The joy of coding is dead
Programação perdeu o encanto que tinha, revela estudo sobre o prazer de codar.
Conteudo
TLDR;
O autor diz que a alegria de programar morreu porque ferramentas de IA passaram a executar a maior parte do trabalho, transformando o ato criativo em tarefas de prompting e revisão e eliminando a sensação de conquista. O mercado está mudando: muitas implementações foram comoditizadas pela IA, deixando entrevistas e recolocação mais difíceis e alguns desenvolvedores se sentindo substituíveis, embora ainda haja demanda por quem saiba orquestrar essas ferramentas. Para se adaptar e recuperar sentido, é preciso aprender a usar agentes e ferramentas de IA com proficiência, focar em habilidades de arquitetura, supervisão e integração e buscar atividades que gerem realização pessoal.
Resumo
Vários desenvolvedores têm relatado que a entrada massiva de IA mudou profundamente a experiência de programar: embora ferramentas como Claude/Codeex permitam refatorações gigantescas e ganhos enormes de produtividade — o autor cita um exemplo de 250 arquivos alterados com testes passando — muitos sentem que o trabalho virou essencialmente "promptar" agentes e revisar código, perdendo o prazer de solucionar bugs, aprender algoritmos e a sensação de realização. Profissionais experientes, como o narrador (na área desde 2013), relatam esgotamento, multitarefa e perda da recompensa dopaminérgica, preferindo atividades físicas ou triviais que geram mais satisfação. Além disso, o mercado e processos seletivos estão confusos: entrevistas ora permitem, ora proíbem o uso de IA; questões tipo LeetCode tornaram-se questionáveis porque modelos conseguem resolvê-las; e candidatos enfrentam desemprego prolongado e stress.

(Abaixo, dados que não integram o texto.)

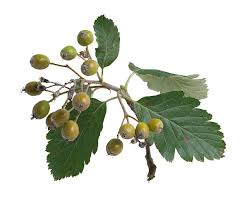 Attēlu rezultāti vaicājumam “Sorbus intermedia fruit”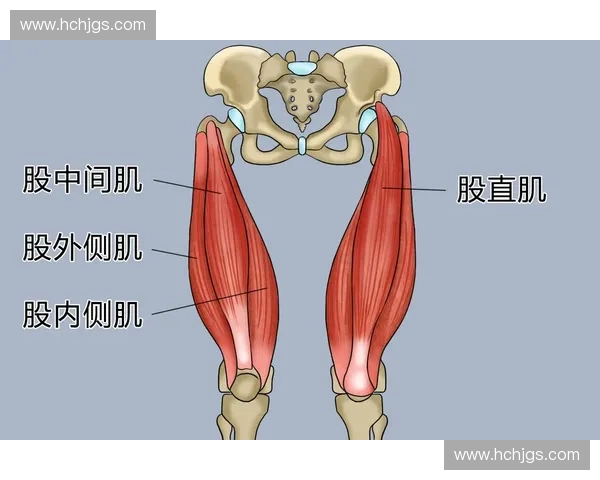 股四头肌紧张引发的运动损伤及康复训练全解析
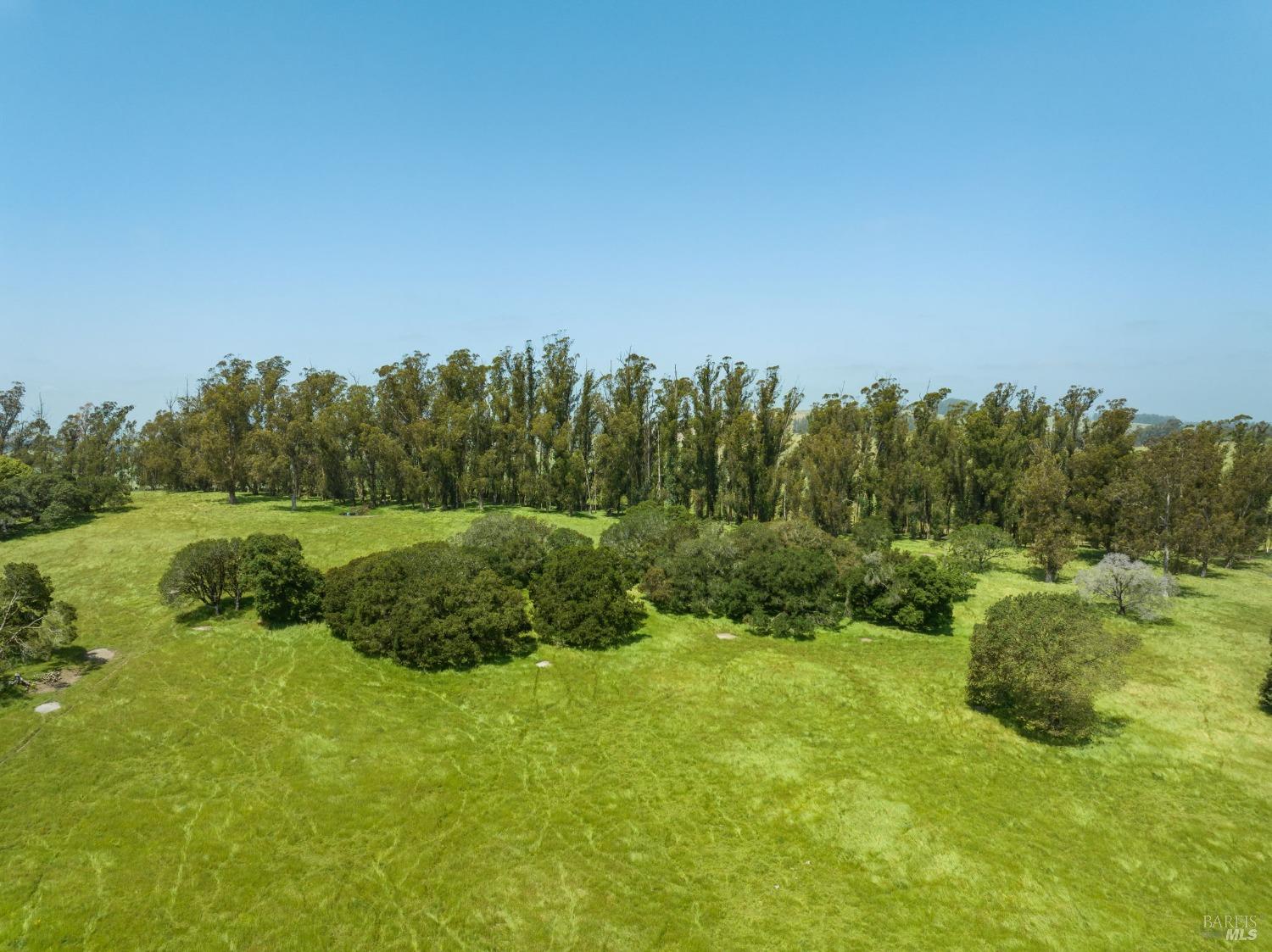 130 Jewett Road Petaluma, CA 94952 - Photo 15 of 31 a view of a lush green space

Para iniciantes, porém, a IA abre portas para serem produtivos sem domínio profundo. O autor reconhece a importância de aprender a dominar ferramentas agentic e até oferece um curso, mas conclui que, em curto prazo, a profissão está se reconfigurando, com tarefas de implementação sendo cada vez mais comoditizadas e implicando em um dilema entre eficiência e satisfação profissional. Isso exige repensar habilidades valorizadas e procurar formas de manter sentido no trabalho e cuidar da saúde.